--- Material supplied ---

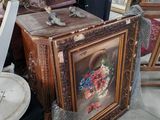 une photo d'une photo représentant une femme assise sur une chaise devant un tas de meubles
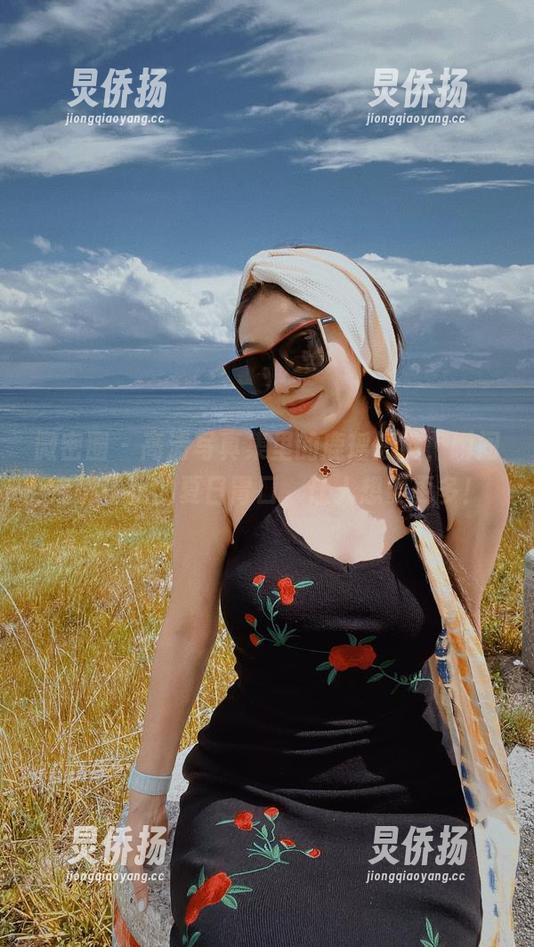 微密圈 - 高清写真集里的鹿瑶短裤，瞬间点燃了我的夏日胃口，让人想要更多！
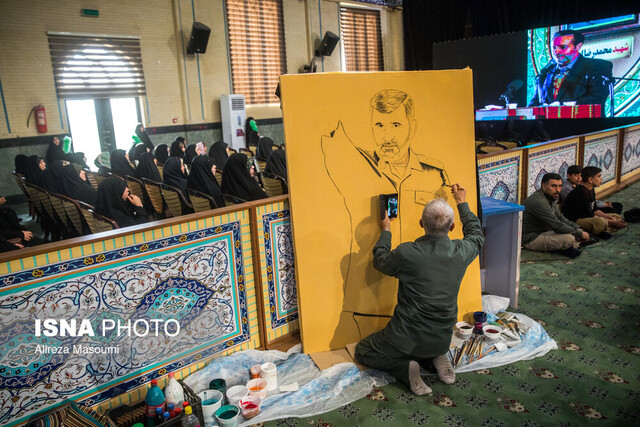 چهره شهید حاجی زاده در حاشیه مراسم گرامیداشت شهدای هوافضای سپاه ترسیم شد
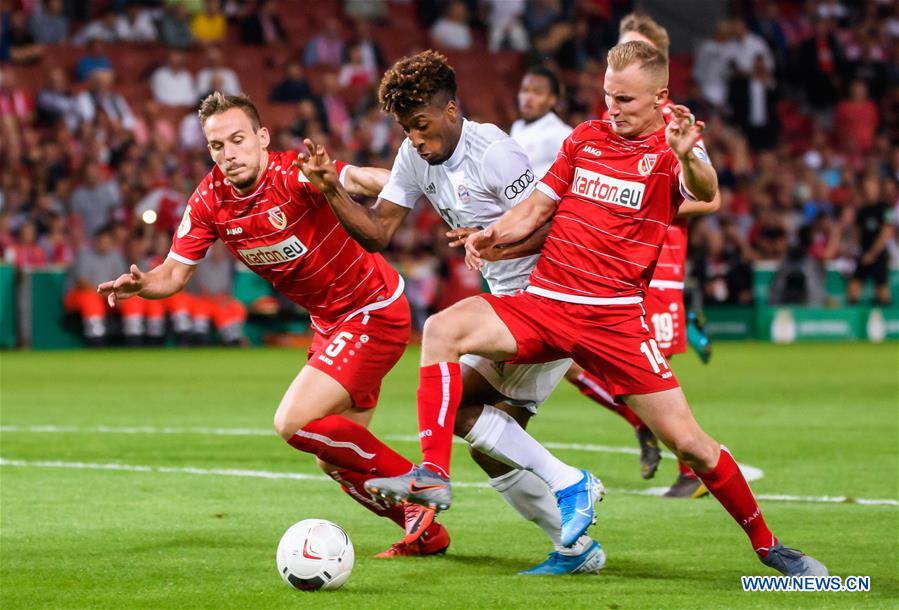 (SP)GERMANY-COTTBUS-SOCCER-GERMAN CUP-COTTBUS VS BAYERN MUNICH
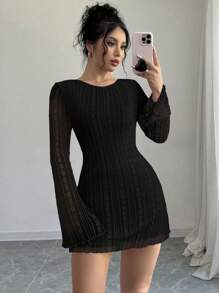 Vestido mini con estampado floral, mangas acampanadas y espalda descubierta para mujer - Negro - Ver 5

---

Required action -
Pictures are to be left out; the records above must be repeated word for word.

Task answer -
 une photo d'une photo représentant une femme assise sur une chaise devant un tas de meubles
 微密圈 - 高清写真集里的鹿瑶短裤，瞬间点燃了我的夏日胃口，让人想要更多！
 چهره شهید حاجی زاده در حاشیه مراسم گرامیداشت شهدای هوافضای سپاه ترسیم شد
 (SP)GERMANY-COTTBUS-SOCCER-GERMAN CUP-COTTBUS VS BAYERN MUNICH
 Vestido mini con estampado floral, mangas acampanadas y espalda descubierta para mujer - Negro - Ver 5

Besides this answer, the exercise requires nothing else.